OPINION: I’m asexual and we’re “as common as redheads”
Let’s be clear about one thing: life is baffling for everyone. For some people, though, the way society is geared creates extra layers of confusion and alienation to deal with, on top of the existential comedy of (t)errors we call modern life.
For many LGBTQ+ people, before ‘coming out’, there has been an extended process of ‘coming to’; in other words, realising that one doesn’t fit the standard, cookie-cutter heterosexual narrative that’s foisted upon everyone from birth.
‘Coming to’ can take decades, and can be confusing, lonely, and painful. Especially if, like me, you had the misfortune to grow up under Section 28, which was a piece of Conservative Party legislation that outlawed the teaching of any orientation other than heterosexuality in schools.

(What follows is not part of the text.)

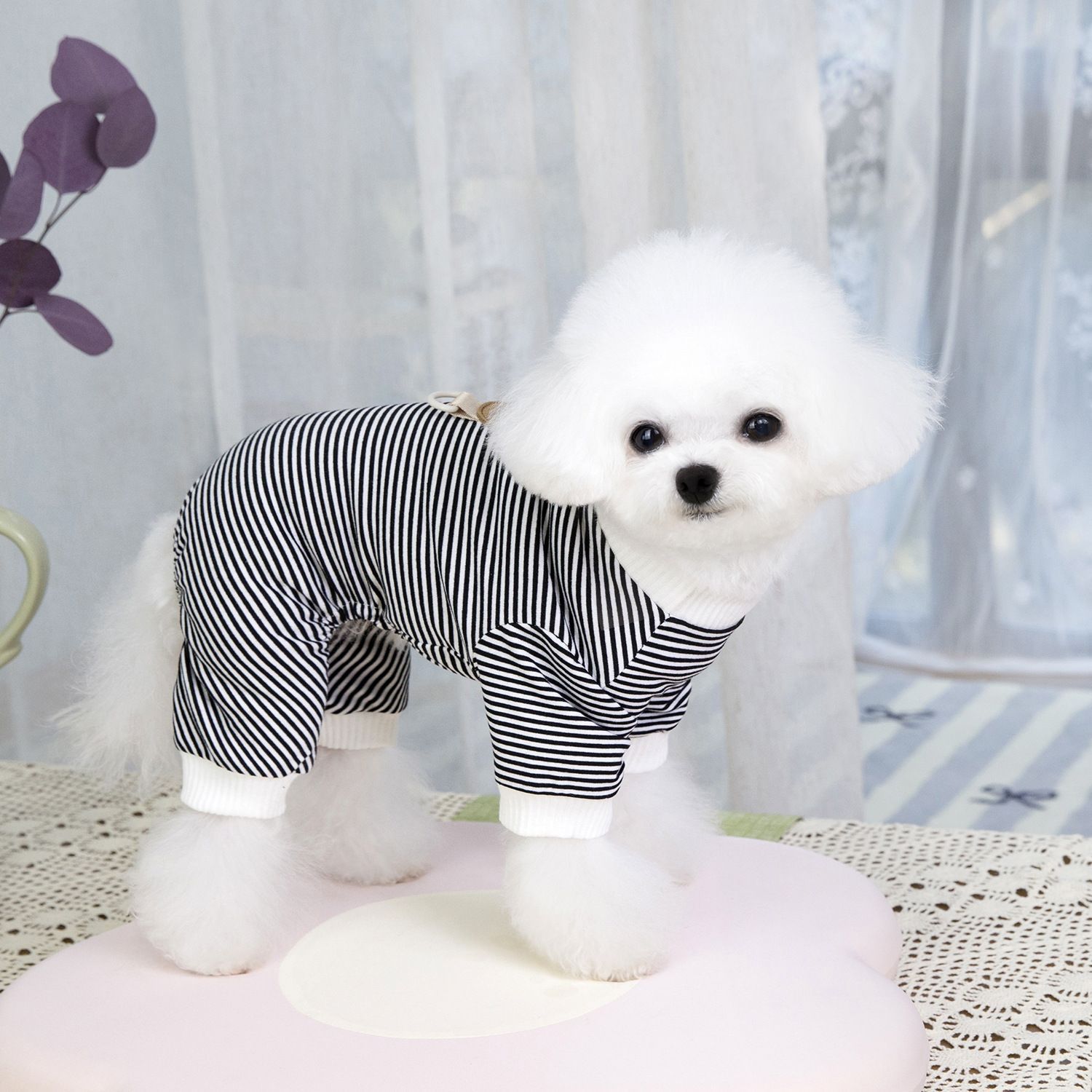 Pet clothes, Teddy dog clothes, pet clothing, cute and fashionable Korean version 25BOOK bear home wear pic 7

Thanks for that one, Tories. I mean, who needs self-esteem and self-knowledge anyway? It’s bad enough that I was taking up precious oxygen that could have gone down the lungs of heterosexual people, instead of down my greedy little rainbow gullet.

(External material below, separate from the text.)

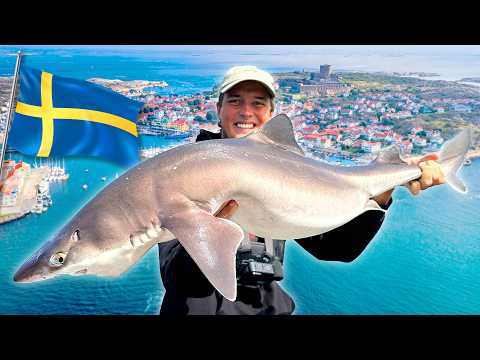 WE CATCH 100 SHARKS IN SWEDEN!! 🦈 🇸🇪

Bitter coping mechanisms aside, the process of ‘coming to’ is hard enough if you’re lesbian, gay or bisexual. But there’s another layer that’s only just starting to be addressed.
That layer is sexuality itself.
Marriage, romance, sex, dating. Unless you were raised in a sealed pod on Jupiter, you have been exposed to these as goals, aims, plans, dreams. Socially speaking, you’re generally now ‘allowed’ to be lesbian, gay, bisexual – but the assumption remains that whoever you choose to have sex with, you fundamentally want to have sex with someone.
Asexuality is the term for not being sexually attracted to people – in other words, not feeling the desire or need for sex with other people, full stop. With 1 in 100 people estimated to be asexual, you’re almost certain to have the pleasure of meeting someone who identifies this way. We’re as common as redheads, or psychopaths.
“Some aces define as ‘sex-repulsed’, which means they actively find sex unpleasant and don’t want anything to do with it. Think of the reaction that a celebrity might have in the jungle when asked to eat some kind of regurgitated poison toad testicle.”
Like any other general term, it has lots of variations and different types. Asexuals, or ‘aces’ as they are known, come at asexuality from very different angles. Some aces define as ‘sex-repulsed’, which means they actively find sex unpleasant and don’t want anything to do with it. Think of the reaction that a celebrity might have in the jungle when asked to eat some kind of regurgitated poison toad testicle.
Other aces define as ‘sex-neutral’, which means that they see sex as an activity that one might choose to do, like hiking: fine every now and then, but not essential to health or survival (and, let’s be honest, a bit of a faff). Other aces define as ‘sex-positive’, which means that they enjoy sex even though they don’t experience sexual attraction. How is this possible, you ask? Well, non-drivers can still appreciate a lift in someone’s car sometimes. And there are emotional elements to sex that can be enjoyed even if the physical aspect leaves you cold.
None of these types of asexual (and there are many, many more) are any ‘more asexual’ than the others. What unifies people who identify with the asexual label is that they don’t experience attraction in the way that many others do – in other words, they’re not sexually driven.
‘Coming to’ as an asexual in this society is a uniquely disorienting experience. For a start, when do you realise that you’re not something?
Often once you’ve tried it and decided for yourself, which can be a very messy business. Social narratives don’t help in this process: as well as being told you’re definitely a) heterosexual and b) going to want to get married and have a family, you’re also told, as a woman, that you probably don’t even like sex that much anyway, and if you do, you shouldn’t.
Female sexuality is feared, repressed and minimalised in general, which is why it took me so long to figure out that there was something special about my own lack of interest in sex. It’s taken me most of my adult life so far to extricate my own feelings from the tangled mess of social expectations and conditioning when it comes to my (lack of) sexuality.
If I’d been given a clue about other sexual orientations in school, I might have been spared this psychological torment, and had brain space for other things, like, oh I don’t know. Enjoying myself? Contributing to society?
So if you’ve ever felt tempted to complain about the number of new labels that are coming through for non-heterosexual people, do me a favour: don’t. What we’re seeing now is a long overdue acknowledgement that sexuality isn’t a given, nor is it limited to one variety. I would have given anything to see this representation when I was at my most vulnerable, in my tender teenage years.
It benefits us all that we’re becoming a more understanding society. So celebrate LGBTQIA+ History Month with the pride that we’re creating a more inclusive future.